Would you say *'this is six Euros and seventynine cents'*?

and

*'Esto vale seis euros con setenta y nueve centavos/céntimos*?

 

Thanks in advance!!!


----------



## megane_wang

Sí. Los euros tienen "céntimos". 

En España por lo menos, los "centavos" los dejamos para los dólares 

Así que "'Esto vale seis Euros con setenta y nueve céntimos", o "'Esto vale seis Euros con setenta y nueve", a secas.

Eso sí: al paso que vamos, es más frecuente oir "SESENTA Euros con setenta y nueve"


----------



## Porteño

Ninety cents, although if I remember correctly, the official name for euro and cent have no purals, at least in some of the EU countries.


----------



## megane_wang

Marawol: You may also say just "*ninety cents*".


----------



## Ilmo

marawol said:


> I wonder how to read 0.90 euros in english,
> 0 point ninety euros is correct?
> thanks so much.


 
This seems to be - again - a very typical thread in this forum in the sense that most of the answers leave the original question unanswered, as if the forer@s wouldn't have read the question at all.

What was the question?
*How to read 0.90 euros in English, (is) 0 point ninety euros correct?*

Marawol has declared, that his mother tongue is Spanish, thus there is no sense to tell him, how that or any other sum should be pronounced in Spanish. Actually, Micafe should have started a thread of his own with his question and not sorn on Marawol.


----------



## Hakro

Porteño said:


> Ninety cents, although if I remember correctly, the official name for euro and cent have no purals, at least in some of the EU countries.


It's an official EU directive that euro has no plural in any EU country but nobody cares about it.


----------



## SmallJosie

I would say ninety cents. If it was: 1.90 then I would say, one Euro ninety. If it was 2.90 then I would say 2 Euros ninety. I have never heard of the EU directive about no plurals but then again, apparently, I'm a rebel without a cause ...


----------



## Outsider

Hakro said:


> It's an official EU directive that euro has no plural in any EU country but nobody cares about it.


However, *'the European Commission Translation Service strongly recommends that in all material generated by the Commission intended for the general public, "the natural plurals" of each language be used.'*

http://www.irelandinformationguide.com/Euro#Plural_formation_and_grammar


----------



## Hakro

It's also possible that the attitude has changed. 
Wikipedia about linguistic issues concerning euro: _Immutable word formations have been encouraged by the European Commission in usage with official EU legislation http://en.wikipedia.org/wiki/Legislation (originally in order to ensure uniform presentation on the banknotes), but the "unofficial" practice concerning the mutability (or not) of the words differs between the member states and their languages. The subject has led to much debate and controversy._


----------



## Outsider

And rightly so.
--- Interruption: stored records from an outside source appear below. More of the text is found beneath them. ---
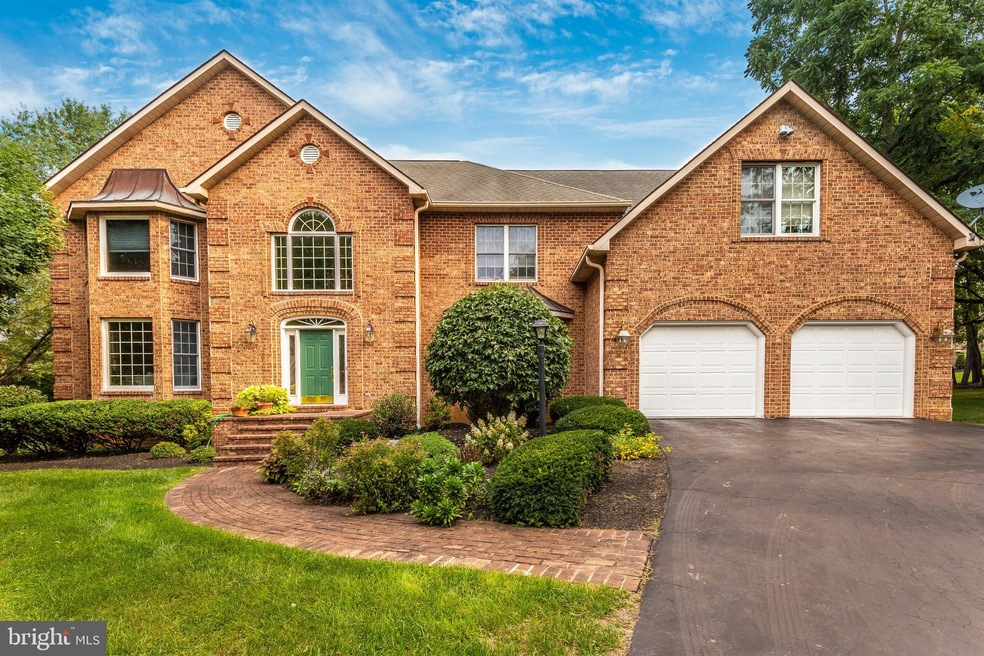 20312 Parkwood Ct, Hagerstown, MD 21742 - photo 1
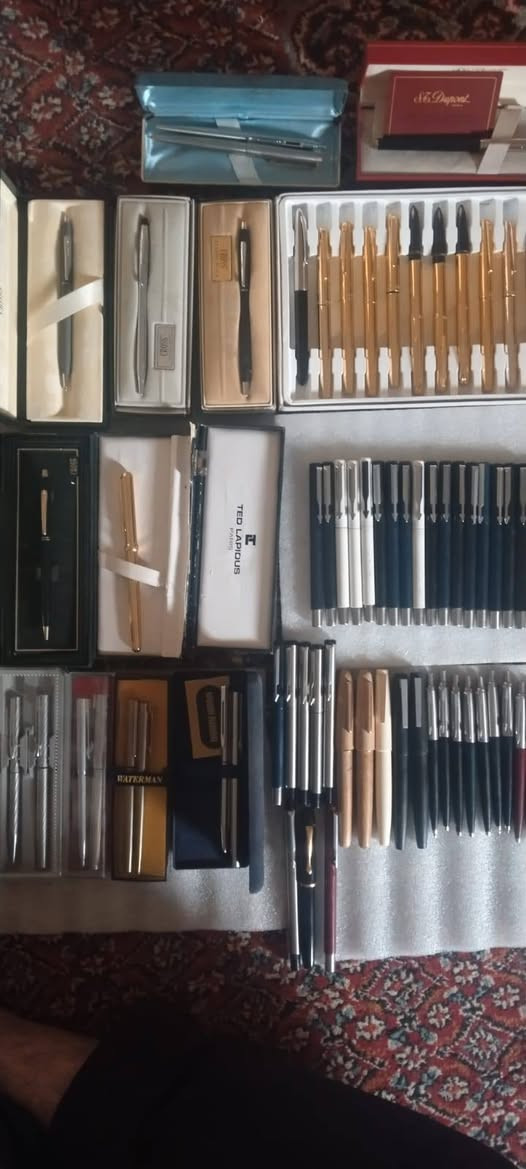 للبيع اقلام ماركات انكليزي امريكيه و فرنسيه و المانيه
اقلام جاف مستخدمه سعر القلم ١٠ الاف دينار عراقي 
اقلام حبر تروبن سعر القلم ٢٠ الف دينار 
اقلام  ووترمان فرنسي غير مستخدم سعر السيت الطخم ٥٠ الف دينار 
اقلام كروس جاف امريكي سعر القدم ٥٠ الف دينار غير مستخدم 
التوفيق للجميع الشحن متوفر لكافه محافظات العراق


**إذا كنت صاحب هذا الإعلان وتريد حذفه لأي سبب، رجاءا أرسل رسالة إلى الدعم الفني**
It was foolish to impose invariable nouns on a continent of inflected languages.


----------



## SmallJosie

Oh, I get it, I think, if they are referring to bank notes and coins. On a bank note it normally says 20, for example, EURO because it is in a different font and normally not together. It is like a Euro bank note with a value of 20. However, as far as I understand they are not implying that we should now suddenly start saying "have you got 20 Euro?" it is plural.... y punto


----------



## micafe

Ilmo said:


> Actually, Micafe should have started a thread of his own with his question and not *sorn *on Marawol.


 
If I only knew what *'sorn'* means.

Yes, micafe should have started a thread of *her* own . 

I truly apologize for using a thread that wasn't mine. It was the same subject so I thought it would be ok.

I'm sure I'll be forgiven by the wonderful people that come to this forum.


----------



## SmallJosie

I'm feeling generous, micafe, I forgive you! But don't let it happen again!


----------



## micafe

SmallJosie said:


> I'm feeling generous, micafe, I forgive you! But don't let it happen again!


 
Thank you!!! SmallJosie.. I really appreciate it..


----------



## Ilmo

micafe said:


> If I only knew what *'sorn'* means.
> 
> Yes, micafe should have started a thread of *her* own .
> 
> I truly apologize for using a thread that wasn't mine. It was the same subject so I thought it would be ok.
> 
> I'm sure I'll be forgiven by the wonderful people that come to this forum.


 
For your information - and a smidgen of knowledge - _to sorn on a person_ means *to live/lodge in a person's house without paying for it.*

I condone you completely, especially because we have got so many good contributions thanks to it.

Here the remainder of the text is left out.